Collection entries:
== Segment start ==

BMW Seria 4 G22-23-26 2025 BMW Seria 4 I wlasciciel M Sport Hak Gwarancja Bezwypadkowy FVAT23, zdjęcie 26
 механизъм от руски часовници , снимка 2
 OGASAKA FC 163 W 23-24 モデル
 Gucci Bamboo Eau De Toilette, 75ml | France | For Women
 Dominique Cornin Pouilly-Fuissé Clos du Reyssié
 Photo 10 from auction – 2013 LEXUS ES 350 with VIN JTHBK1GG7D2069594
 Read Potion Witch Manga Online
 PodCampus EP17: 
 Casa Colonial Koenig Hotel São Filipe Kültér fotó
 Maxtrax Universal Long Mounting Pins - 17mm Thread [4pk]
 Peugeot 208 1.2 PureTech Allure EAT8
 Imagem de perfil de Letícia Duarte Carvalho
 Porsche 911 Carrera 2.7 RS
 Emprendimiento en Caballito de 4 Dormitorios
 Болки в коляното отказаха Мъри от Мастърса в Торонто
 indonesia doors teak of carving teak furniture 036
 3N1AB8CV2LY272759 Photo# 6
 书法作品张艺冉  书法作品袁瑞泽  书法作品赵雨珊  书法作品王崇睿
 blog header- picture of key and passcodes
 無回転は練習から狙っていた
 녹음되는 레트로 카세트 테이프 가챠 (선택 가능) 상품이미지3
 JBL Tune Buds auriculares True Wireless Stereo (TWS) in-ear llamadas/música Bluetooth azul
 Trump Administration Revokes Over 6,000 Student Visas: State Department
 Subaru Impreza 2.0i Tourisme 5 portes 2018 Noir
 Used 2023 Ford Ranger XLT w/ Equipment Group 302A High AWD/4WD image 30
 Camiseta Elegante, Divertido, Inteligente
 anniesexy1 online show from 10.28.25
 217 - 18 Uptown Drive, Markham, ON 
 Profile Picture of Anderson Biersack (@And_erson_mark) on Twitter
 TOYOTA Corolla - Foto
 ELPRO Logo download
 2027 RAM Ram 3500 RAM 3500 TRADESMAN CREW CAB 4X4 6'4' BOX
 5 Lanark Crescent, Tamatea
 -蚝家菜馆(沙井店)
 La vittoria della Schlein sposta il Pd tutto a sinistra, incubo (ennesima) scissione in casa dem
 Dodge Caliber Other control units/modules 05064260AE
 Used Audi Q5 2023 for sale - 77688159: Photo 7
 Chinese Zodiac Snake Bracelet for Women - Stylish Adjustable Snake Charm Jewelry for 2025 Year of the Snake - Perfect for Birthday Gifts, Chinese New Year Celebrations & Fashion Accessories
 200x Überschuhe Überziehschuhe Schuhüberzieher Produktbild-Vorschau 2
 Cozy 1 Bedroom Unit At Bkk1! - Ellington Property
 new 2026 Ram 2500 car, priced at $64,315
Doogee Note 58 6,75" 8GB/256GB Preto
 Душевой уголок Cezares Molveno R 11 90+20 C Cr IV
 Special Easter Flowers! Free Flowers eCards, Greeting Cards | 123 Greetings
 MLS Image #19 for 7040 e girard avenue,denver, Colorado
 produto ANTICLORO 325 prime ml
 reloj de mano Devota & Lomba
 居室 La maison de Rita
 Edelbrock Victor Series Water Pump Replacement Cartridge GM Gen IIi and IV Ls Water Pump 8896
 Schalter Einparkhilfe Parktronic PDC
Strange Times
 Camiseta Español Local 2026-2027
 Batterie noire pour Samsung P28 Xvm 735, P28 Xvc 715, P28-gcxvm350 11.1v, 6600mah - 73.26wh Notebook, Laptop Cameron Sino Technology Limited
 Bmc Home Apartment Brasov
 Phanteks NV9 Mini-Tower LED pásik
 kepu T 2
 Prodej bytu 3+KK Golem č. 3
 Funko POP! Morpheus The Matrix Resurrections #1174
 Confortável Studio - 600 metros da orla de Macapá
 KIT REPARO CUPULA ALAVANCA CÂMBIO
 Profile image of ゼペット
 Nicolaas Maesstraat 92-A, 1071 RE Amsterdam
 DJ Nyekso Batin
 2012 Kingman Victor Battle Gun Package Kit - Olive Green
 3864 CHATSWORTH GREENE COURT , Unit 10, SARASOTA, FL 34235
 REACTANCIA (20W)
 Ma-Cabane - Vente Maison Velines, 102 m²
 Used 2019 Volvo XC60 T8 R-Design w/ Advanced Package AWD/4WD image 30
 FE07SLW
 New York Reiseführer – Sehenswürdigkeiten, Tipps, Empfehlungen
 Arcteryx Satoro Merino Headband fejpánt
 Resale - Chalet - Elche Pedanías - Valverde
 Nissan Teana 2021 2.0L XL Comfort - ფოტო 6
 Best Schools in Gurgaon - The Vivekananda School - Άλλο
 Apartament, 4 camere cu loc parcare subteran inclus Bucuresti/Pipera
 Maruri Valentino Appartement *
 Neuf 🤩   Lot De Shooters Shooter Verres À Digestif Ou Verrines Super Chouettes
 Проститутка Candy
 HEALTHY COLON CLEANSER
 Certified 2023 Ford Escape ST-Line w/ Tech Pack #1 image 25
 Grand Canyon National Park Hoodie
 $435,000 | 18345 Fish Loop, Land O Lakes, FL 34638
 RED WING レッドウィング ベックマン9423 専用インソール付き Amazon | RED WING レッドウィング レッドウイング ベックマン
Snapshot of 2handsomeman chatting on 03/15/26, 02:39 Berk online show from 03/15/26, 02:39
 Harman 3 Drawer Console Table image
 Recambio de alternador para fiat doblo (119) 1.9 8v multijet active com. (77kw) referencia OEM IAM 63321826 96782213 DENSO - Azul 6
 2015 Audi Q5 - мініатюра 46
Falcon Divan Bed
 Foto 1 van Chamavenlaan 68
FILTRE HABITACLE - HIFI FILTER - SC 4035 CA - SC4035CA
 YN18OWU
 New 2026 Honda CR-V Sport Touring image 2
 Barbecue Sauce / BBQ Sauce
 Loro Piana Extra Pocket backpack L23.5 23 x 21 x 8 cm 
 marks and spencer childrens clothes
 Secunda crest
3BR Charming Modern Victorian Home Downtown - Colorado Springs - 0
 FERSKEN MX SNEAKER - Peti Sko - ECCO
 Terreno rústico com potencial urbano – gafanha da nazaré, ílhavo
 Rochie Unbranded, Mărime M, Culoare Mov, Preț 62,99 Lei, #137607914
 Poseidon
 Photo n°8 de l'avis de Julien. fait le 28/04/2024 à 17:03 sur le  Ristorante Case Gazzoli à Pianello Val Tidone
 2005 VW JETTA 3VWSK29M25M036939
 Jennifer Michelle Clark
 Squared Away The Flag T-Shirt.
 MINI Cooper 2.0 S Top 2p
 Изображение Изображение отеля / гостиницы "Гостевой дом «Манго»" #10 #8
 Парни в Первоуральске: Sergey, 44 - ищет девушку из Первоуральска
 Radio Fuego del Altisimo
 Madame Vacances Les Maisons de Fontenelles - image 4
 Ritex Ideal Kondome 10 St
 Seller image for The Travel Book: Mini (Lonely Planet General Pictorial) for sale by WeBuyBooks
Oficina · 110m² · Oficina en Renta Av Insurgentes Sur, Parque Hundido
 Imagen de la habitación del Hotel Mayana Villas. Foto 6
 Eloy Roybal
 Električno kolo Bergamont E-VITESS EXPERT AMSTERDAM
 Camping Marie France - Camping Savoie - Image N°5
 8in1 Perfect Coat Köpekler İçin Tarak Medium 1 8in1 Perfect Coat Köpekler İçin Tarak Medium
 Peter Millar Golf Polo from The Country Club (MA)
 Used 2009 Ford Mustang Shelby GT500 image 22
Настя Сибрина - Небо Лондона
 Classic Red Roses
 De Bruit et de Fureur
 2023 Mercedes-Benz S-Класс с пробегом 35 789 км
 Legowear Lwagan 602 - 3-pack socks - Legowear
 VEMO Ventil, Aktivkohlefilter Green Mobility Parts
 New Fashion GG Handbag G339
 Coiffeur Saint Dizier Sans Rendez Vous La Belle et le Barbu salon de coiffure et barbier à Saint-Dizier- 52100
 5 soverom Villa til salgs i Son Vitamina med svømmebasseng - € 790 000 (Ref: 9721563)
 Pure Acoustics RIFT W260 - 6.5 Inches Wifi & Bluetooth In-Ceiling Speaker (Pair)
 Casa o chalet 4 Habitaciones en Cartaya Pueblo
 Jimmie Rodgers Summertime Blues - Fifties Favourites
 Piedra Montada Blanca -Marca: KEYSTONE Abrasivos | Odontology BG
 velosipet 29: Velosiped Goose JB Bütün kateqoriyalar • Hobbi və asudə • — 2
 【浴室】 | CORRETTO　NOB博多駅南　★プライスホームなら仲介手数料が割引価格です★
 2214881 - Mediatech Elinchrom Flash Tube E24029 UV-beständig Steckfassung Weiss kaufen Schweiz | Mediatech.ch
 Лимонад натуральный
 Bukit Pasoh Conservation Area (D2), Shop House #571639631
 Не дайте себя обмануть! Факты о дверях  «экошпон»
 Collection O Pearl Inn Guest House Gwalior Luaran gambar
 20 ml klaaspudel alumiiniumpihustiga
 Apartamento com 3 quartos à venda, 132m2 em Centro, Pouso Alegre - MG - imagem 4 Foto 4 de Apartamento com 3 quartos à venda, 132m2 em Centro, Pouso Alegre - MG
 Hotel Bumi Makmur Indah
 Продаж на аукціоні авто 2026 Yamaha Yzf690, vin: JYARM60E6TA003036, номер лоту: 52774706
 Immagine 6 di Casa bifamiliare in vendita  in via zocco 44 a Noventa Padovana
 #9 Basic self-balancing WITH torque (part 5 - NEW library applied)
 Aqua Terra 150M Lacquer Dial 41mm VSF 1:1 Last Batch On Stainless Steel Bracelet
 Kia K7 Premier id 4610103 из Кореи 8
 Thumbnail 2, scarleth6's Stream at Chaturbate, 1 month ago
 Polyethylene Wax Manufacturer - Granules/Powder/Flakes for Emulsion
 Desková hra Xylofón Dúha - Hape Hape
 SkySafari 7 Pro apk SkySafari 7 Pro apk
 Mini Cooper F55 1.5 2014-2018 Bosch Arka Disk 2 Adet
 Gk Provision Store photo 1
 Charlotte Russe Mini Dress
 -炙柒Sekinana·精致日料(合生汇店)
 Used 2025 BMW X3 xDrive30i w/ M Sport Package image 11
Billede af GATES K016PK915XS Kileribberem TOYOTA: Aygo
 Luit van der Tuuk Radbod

== Segment end ==

▸ Try it: Working from the records above, write out verbatim only the lines from the line containing "Rochie Unbranded, Mărime" through the line containing "Ritex Ideal Kondome 10 St".

▸ Output:
 Rochie Unbranded, Mărime M, Culoare Mov, Preț 62,99 Lei, #137607914
 Poseidon
 Photo n°8 de l'avis de Julien. fait le 28/04/2024 à 17:03 sur le  Ristorante Case Gazzoli à Pianello Val Tidone
 2005 VW JETTA 3VWSK29M25M036939
 Jennifer Michelle Clark
 Squared Away The Flag T-Shirt.
 MINI Cooper 2.0 S Top 2p
 Изображение Изображение отеля / гостиницы "Гостевой дом «Манго»" #10 #8
 Парни в Первоуральске: Sergey, 44 - ищет девушку из Первоуральска
 Radio Fuego del Altisimo
 Madame Vacances Les Maisons de Fontenelles - image 4
 Ritex Ideal Kondome 10 St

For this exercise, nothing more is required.